En adoptant, en 2008, une déclaration écrite dont l'objectif affiché est de "mettre fin au sans-abrisme", le Parlement de Strasbourg a donné à la question de la prise en charge des personnes sans abri une dimension européenne. Cette tendance devrait d'ailleurs s'accentuer puisque, dès cette année, le sans-abrisme et l'exclusion du logement doivent devenir l'un des thèmes de travail du "Comité de la protection sociale" au sein de la Commission européenne, amenant ainsi chacun des Etats membres à produire un rapport sur le sujet. Suivront en 2010 - année européenne de lutte contre la pauvreté et l'exclusion - une conférence de consensus européenne puis, en 2011, le premier recensement harmonisé des sans-abri dans l'ensemble des Etats membres.
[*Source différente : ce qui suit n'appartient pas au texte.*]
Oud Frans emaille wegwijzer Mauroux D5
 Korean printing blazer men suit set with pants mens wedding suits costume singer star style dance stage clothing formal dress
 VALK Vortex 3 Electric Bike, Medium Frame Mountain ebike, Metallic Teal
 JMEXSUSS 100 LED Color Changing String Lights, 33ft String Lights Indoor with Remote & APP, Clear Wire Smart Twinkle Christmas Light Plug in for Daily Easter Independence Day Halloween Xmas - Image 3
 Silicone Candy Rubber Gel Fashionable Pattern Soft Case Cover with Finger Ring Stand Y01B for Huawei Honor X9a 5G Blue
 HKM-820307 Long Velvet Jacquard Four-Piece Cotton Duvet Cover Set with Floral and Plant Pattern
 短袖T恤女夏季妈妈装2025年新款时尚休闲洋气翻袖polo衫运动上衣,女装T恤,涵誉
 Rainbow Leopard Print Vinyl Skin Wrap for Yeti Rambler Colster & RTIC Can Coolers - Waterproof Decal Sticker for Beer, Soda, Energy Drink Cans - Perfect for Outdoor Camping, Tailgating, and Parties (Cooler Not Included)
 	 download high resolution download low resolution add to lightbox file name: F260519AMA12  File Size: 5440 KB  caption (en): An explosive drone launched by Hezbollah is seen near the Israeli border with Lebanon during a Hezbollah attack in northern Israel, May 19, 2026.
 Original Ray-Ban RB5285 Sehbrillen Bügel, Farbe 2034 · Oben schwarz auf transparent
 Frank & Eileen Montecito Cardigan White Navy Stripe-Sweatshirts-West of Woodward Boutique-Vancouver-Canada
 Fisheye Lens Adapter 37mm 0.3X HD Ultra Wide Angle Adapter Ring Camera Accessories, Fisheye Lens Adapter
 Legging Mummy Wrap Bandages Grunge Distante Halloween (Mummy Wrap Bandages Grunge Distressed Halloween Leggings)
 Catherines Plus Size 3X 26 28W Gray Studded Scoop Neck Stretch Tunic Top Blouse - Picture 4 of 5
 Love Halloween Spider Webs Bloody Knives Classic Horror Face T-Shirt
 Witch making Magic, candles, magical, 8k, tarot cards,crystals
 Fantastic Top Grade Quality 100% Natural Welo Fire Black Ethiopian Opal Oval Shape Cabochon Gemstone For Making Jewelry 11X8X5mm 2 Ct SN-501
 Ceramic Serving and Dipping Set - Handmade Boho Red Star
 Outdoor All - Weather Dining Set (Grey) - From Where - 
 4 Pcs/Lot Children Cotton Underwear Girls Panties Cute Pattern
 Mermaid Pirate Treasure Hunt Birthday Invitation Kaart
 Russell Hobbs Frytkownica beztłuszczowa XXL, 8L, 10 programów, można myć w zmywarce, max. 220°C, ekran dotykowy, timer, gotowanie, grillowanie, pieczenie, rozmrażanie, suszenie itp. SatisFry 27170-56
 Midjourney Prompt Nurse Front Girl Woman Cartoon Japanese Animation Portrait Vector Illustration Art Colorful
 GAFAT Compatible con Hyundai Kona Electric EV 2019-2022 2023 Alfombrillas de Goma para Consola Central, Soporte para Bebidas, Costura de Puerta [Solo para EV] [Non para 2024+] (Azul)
Dans ce contexte, Julien Damon - professeur à Sciences-Po et ancien directeur du département recherche et prospective de la Caisse nationale des allocations familiales - a remis, le 8 avril, à Christine Boutin le rapport sur "Les politiques de prise en charge des sans-abri dans l'Union européenne" qu'elle lui avait commandé le 5 février. Dans un domaine encore peu exploré, celui-ci s'efforce de dresser un tableau comparatif de la situation dans les 27 Etats membres. Il en ressort notamment deux éléments importants. Le premier concerne le degré d'avancement des Etats membres en matière de politique en faveur des sans-abri, qui présente une très grande hétérogénéité. A partir d'une batterie d'indicateurs - dont l'auteur reconnaît toutefois qu'ils devront être améliorés dans le cadre de la conférence de consensus européenne -, le rapport dresse ainsi un classement par points, allant de huit (Royaume-Uni et Irlande) à zéro (Grèce, Slovaquie, Roumanie...). Le second enseignement concerne ce que le rapport appelle "la singularisation du cas français". Bien placée en matière de politique de prise en charge, la France se caractérise néanmoins par un certain nombre de signes distinctifs : forte centralisation des politiques de prise en charge, moyens conséquents, offre importante, consensus élevé et faible criminalisation (contrairement à certains anciens pays de l'Est).
Le rapport formule également un certain nombre de propositions, au niveau français ou européen. Parmi celles de portée nationale figure notamment la suggestion d'"envisager la décentralisation de la politique de prise en charge des sans-abri". Ainsi, "sous l'impulsion de l'Etat et la responsabilité stratégique des régions, les départements pourraient planifier et agréer, quand les villes seraient responsables de l'offre et des résultats". Le rapport préconise aussi de rationaliser l'offre sur trois types d'hébergements en fonction de la situation des intéressés ou, encore, de faire systématiquement évaluer les services par les usagers. A l'échelle européenne, le rapport recommande l'établissement de standards minimaux de qualité de service, la création d'une agence européenne dédiée, l'organisation d'une conférence annuelle des capitales ou encore l'intégration d'une partie spécifique sur les sans-abri dans les rapports nationaux sur la protection sociale et l'inclusion sociale que doivent produire tous les Etats membres.